É certo que o risco de fuga nunca pode ser calculado com exatidão, e os apoiadores de Bolsonaro dirão que ele estava longe de pegar um jatinho dando uma banana para o Brasil, como o vilão da novela Vale tudo. Mas se o objetivo de uma medida cautelar é se antecipar ao dano, podemos dizer que Moraes foi até generoso. Se nem a retenção do passaporte do ex-presidente eliminou o receio de que ele pudesse fugir, o natural seria que fosse decretada agora a sua prisão preventiva. A adoção de medidas alternativas revela que o ministro se esforçou para poupar Bolsonaro da cadeia, uma concessão que dificilmente seria feita a outros investigados em situação similar.

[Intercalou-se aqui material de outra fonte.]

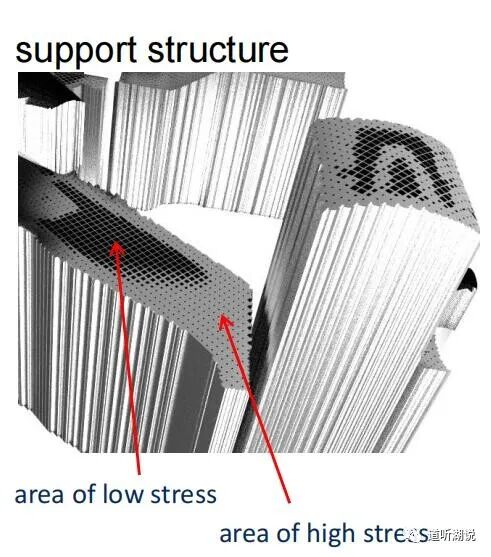 考虑增材制造工艺的结构设计简介的图4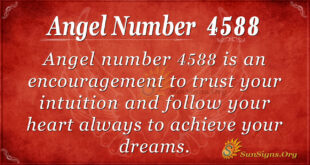 Angel number 4588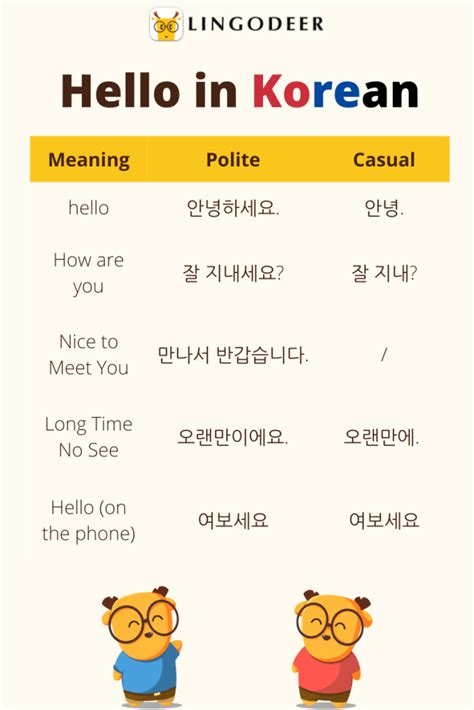 yerobun|Learn Common Korean Greetings to Meet Your Korean .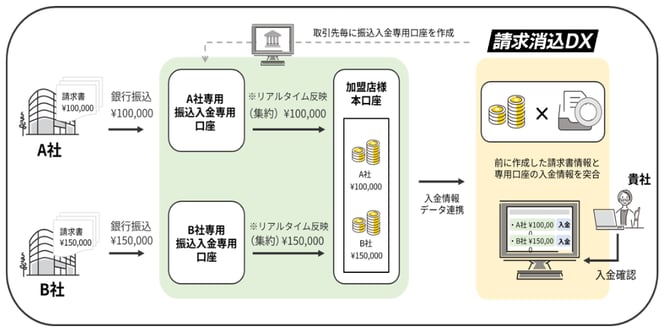 cash-application-N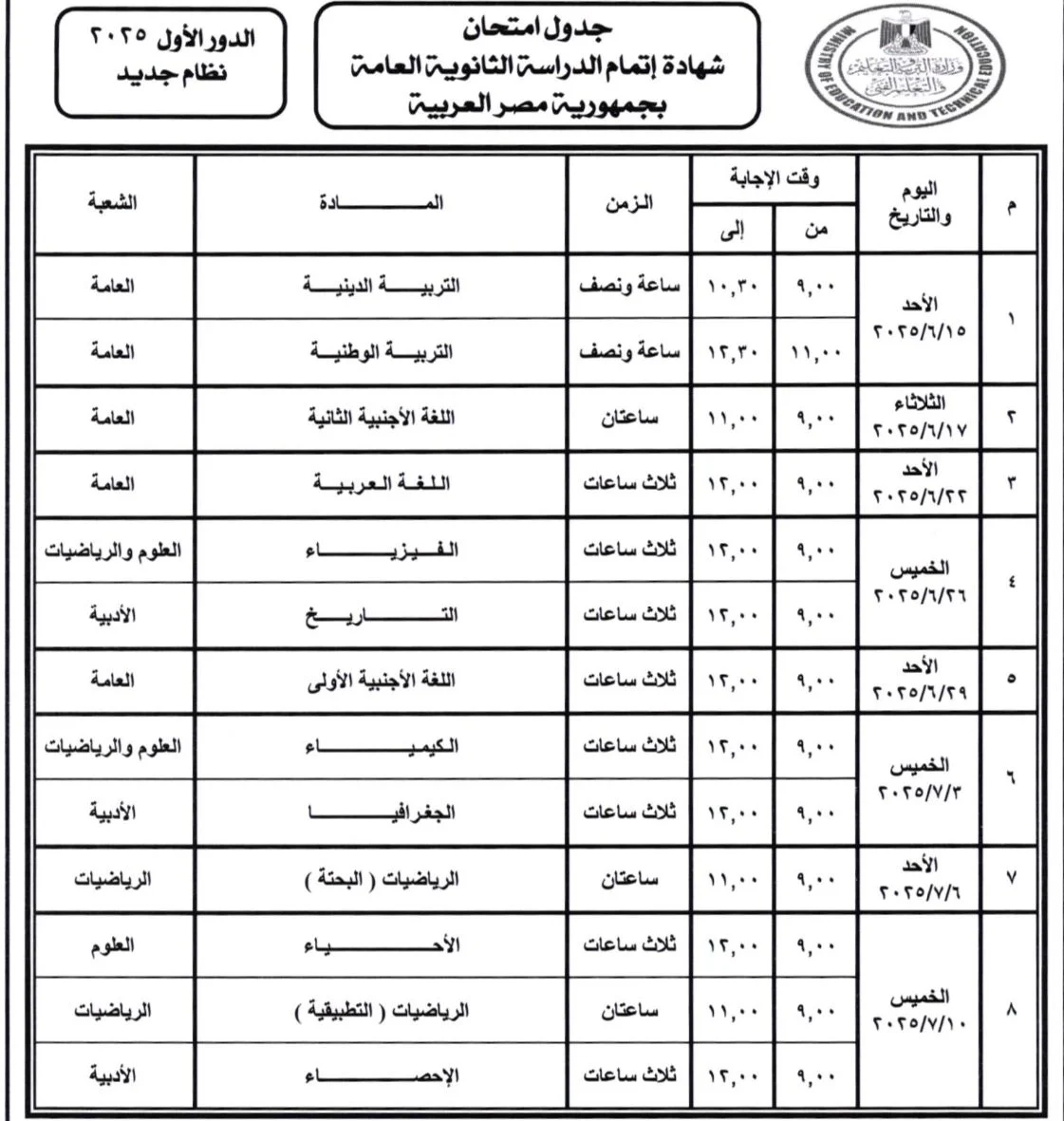 جدول امتحانات الصف الثالث الثانوي 2025 للمواد المضافة للمجموع 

Além da ameaça ao Judiciário, pode-se argumentar que Bolsonaro e seu filho puseram em risco a ordem econômica do Brasil, o que também é previsto na lei como motivo para a aplicação de medidas cautelares. É uma situação rara: afinal, é difícil imaginar como a liberdade de alguém pode implicar risco à economia do país como um todo. Pois Eduardo, ao se gabar de ter influenciado Trump a aplicar tarifas escorchantes contra o Brasil, nos mostrou que realmente nada é impossível.
Passado o furor inicial causado pela operação desta sexta-feira, a conclusão é de que as medidas determinadas por Moraes, embora históricas, sejam na verdade tímidas. Eduardo, o protagonista desse novo capítulo da vida criminal da família Bolsonaro, não foi diretamente atingido por nenhuma medida cautelar, talvez porque o ministro confie que as restrições contra seu pai o farão recuar. Desde os seus inexplicáveis pernoites na Embaixada da Hungria, em fevereiro de 2024, Bolsonaro flerta com uma prisão preventiva da qual até hoje foi poupado. Não teria sido exagero se ele estivesse agora detido em uma sala de Estado-Maior, e Eduardo, na lista da Interpol.